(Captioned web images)

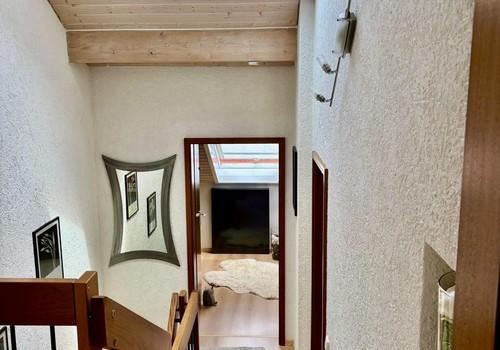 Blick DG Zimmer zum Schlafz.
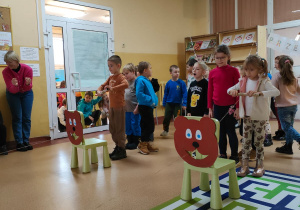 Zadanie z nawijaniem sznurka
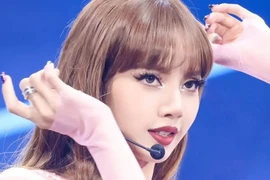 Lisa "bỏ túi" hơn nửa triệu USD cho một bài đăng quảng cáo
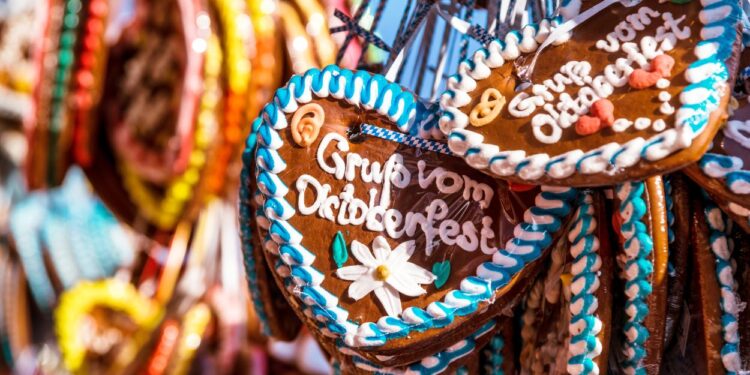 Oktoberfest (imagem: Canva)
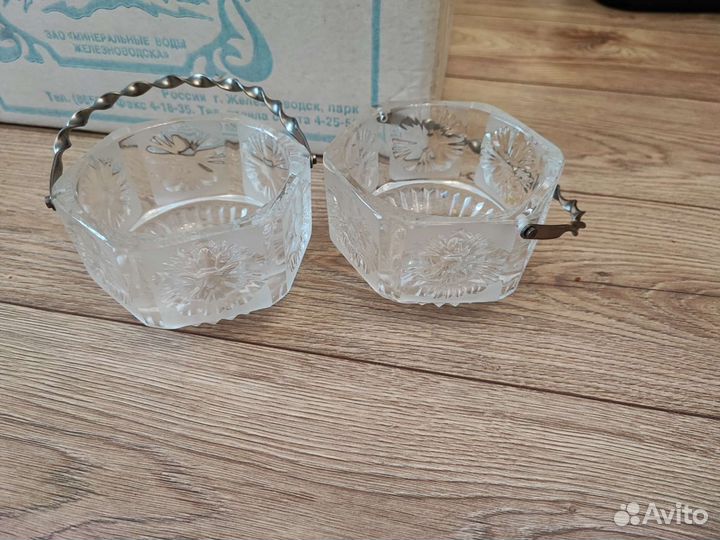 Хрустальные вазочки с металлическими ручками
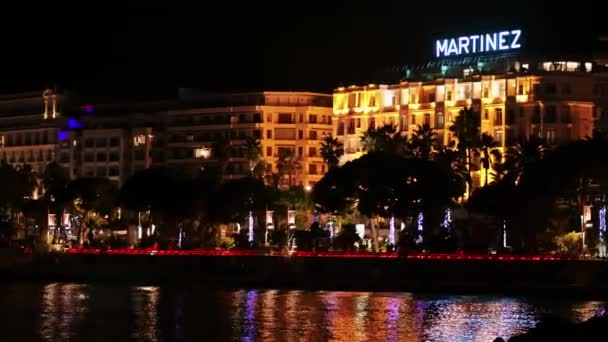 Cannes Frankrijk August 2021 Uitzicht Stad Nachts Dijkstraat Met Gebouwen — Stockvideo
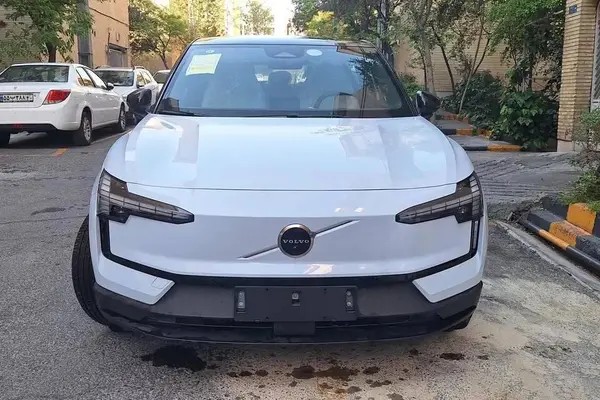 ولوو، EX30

* WORK TASK
In your copy, include every record word for word but no pictures.

* SOLUTION
 Blick DG Zimmer zum Schlafz.
 Zadanie z nawijaniem sznurka
 Lisa "bỏ túi" hơn nửa triệu USD cho một bài đăng quảng cáo
 Oktoberfest (imagem: Canva)
 Хрустальные вазочки с металлическими ручками
 Cannes Frankrijk August 2021 Uitzicht Stad Nachts Dijkstraat Met Gebouwen — Stockvideo
 ولوو، EX30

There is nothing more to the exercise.